Another nearby island, Lohachara, was submerged in 1996, forcing its inhabitants to move to the mainland, while almost half the land of Ghoramara island was underwater, he said. At least 10 other islands in the area were at risk as well, Hazra said.
"We will have ever larger numbers of people displaced from the Sunderbans as more island areas come under water," he said.
Bangladesh, a low-lying delta nation of 150 million people, is one of the countries worst-affected by global warming. Officials estimate 18 percent of Bangladesh's coastal area will be underwater and 20 million people will be displaced if sea levels rise 1 meter (3.3 feet) by 2050 as projected by some climate models.
This is completely bogus. First of all, they state up front that "Until 2000, the sea levels rose about 3 millimeters (0.12 inches) a year," and then claim that "over the last decade they have been rising about 5 millimeters (0.2 inches) annually." So, since the year 2000, the ocean has risen a whopping TWO inches, and submerged New Moore Island. Additionally, previous islands were sunk by sea-rise rates of one inch per eight years. Really? Is that why they disappeared?

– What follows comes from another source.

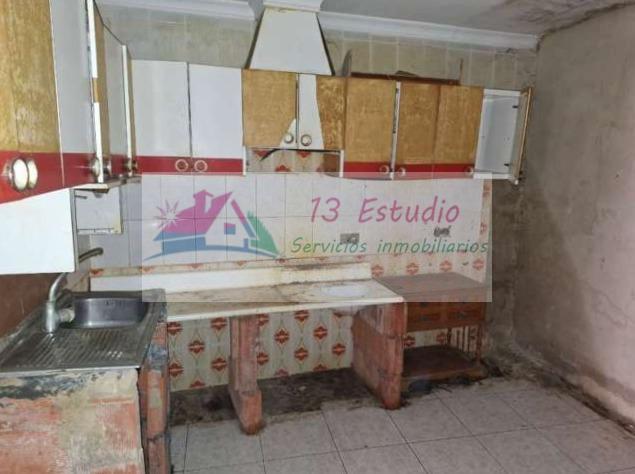 For sale of house in San Javier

Call me skeptical, but I seriously doubt that the aforementioned islands were submerged by "global warming" causing the sea to rise, especially at such minuscule rate of rise.
There is much more to be said about these sinking islands. For one, they are located in the ever-changing Ganges River delta, a massive system of streams and mangrove swamps. Annual flooding during monsoon season and from cyclones causing much erosion.
There are many more geological factors that go into why the islands are sinking... and resurfacing, as pointed out in this post by He has another great post here, talking about the hoax of global warming and sinking islands.
Global warming (I thought it was climate change...) sinks islands? I think not...
Great article, Jamison. There really isn't much they can say in response to the evidence you have pointed out.